First things first, get our client_id
and client_secret
and get an access token
import requests
CLIENT_ID = '<insert client id>'
CLIENT_SECRET = '<insert client secret>'
AUTH_URL = 'https://accounts.spotify.com/api/token'
# POST
auth_response = requests.post(AUTH_URL, {
'grant_type': 'client_credentials',
'client_id': CLIENT_ID,
'client_secret': CLIENT_SECRET,
})
# convert the response to JSON
auth_response_data = auth_response.json()
# save the access token
access_token = auth_response_data['access_token']
And subsequently we can create the header that will be used to authorize all of our API calls.
headers = {
'Authorization': f'Bearer {access_token}'
}
And now getting some data is a simple GET call and passing in whatever parameters we might want to pass in (see Spotify for more details on what data is available).

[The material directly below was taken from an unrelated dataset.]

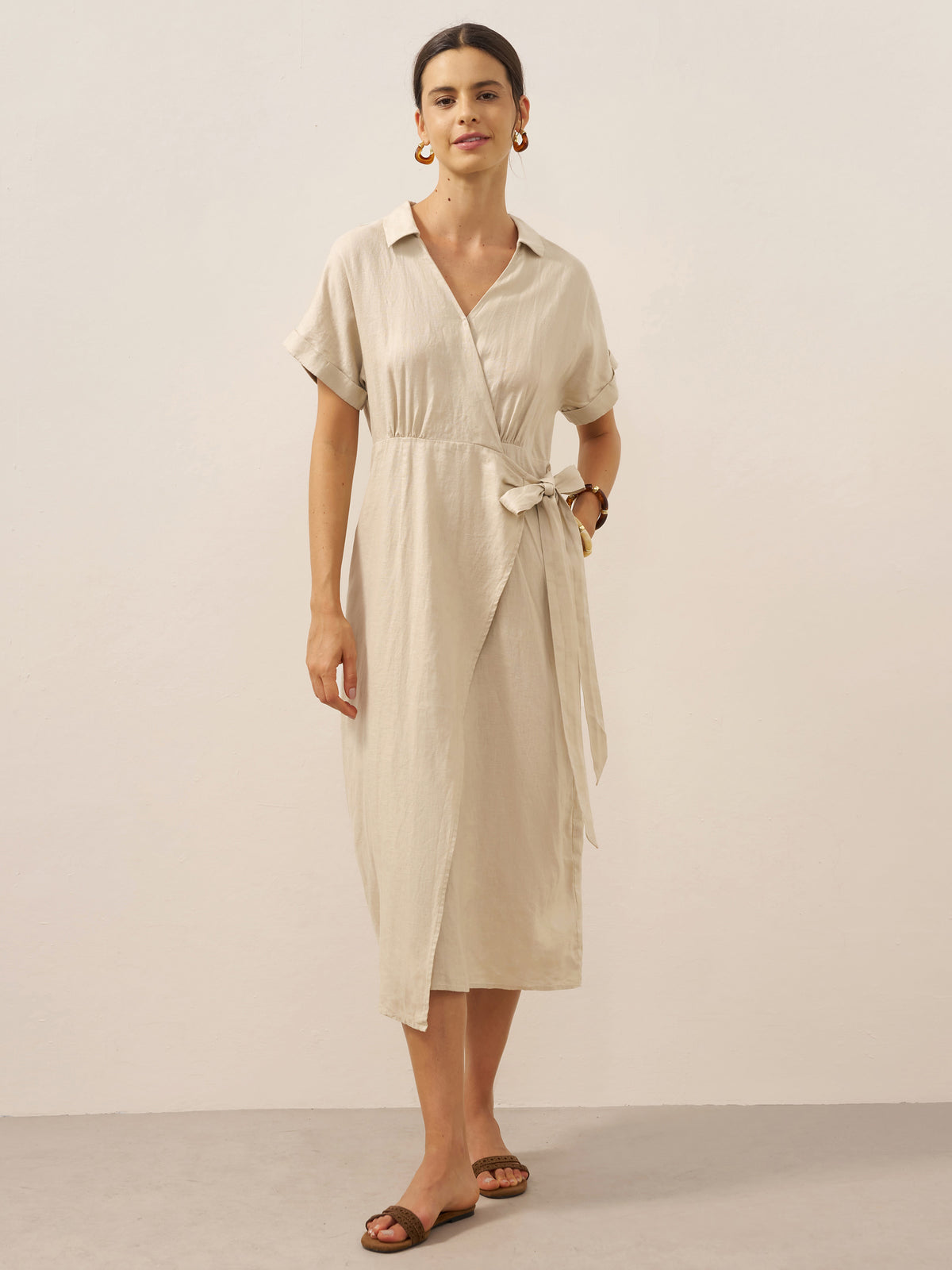 100% Linen One-Piece Belted Maxi Dress CORA by LINTICO for women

BASE_URL = 'https://api.spotify.com/v1/'
# Track ID from the URI
track_id = '1nmZ8yqKkfooOuYvtFctDp'
# actual GET request with proper header
r = requests.get(BASE_URL + 'audio-features/' + track_id, headers=headers)
r.json()
Out[4]: {'danceability': 0.323,
'energy': 0.839,
'key': 1,
'loudness': -7.35,
'mode': 1,
'speechiness': 0.0503,
'acousticness': 0.315,
'instrumentalness': 0.000313,
'liveness': 0.348,
'valence': 0.543,
'tempo': 136.232,
'type': 'audio_features',
'id': '1nmZ8yqKkfooOuYvtFctDp',
'uri': 'spotify:track:1nmZ8yqKkfooOuYvtFctDp',
'track_href': 'https://api.spotify.com/v1/tracks/1nmZ8yqKkfooOuYvtFctDp',
'analysis_url': 'https://api.spotify.com/v1/audio-analysis/1nmZ8yqKkfooOuYvtFctDp',
'duration_ms': 227627,
'time_signature': 4}
So now we know how to access the data we want, let’s use the API to create a dataset and then have a play around with MLflow and hyperopt to see how they work.
Creating the Dataset
In order to run an experiment with PySpark, we need to create a dataset first and convert it to a Spark DataFrame. The dataset will be roughly 10000 rows so clearly doesn’t neccesitate the being distributed but for the sake of this blogpost let’s forget that part…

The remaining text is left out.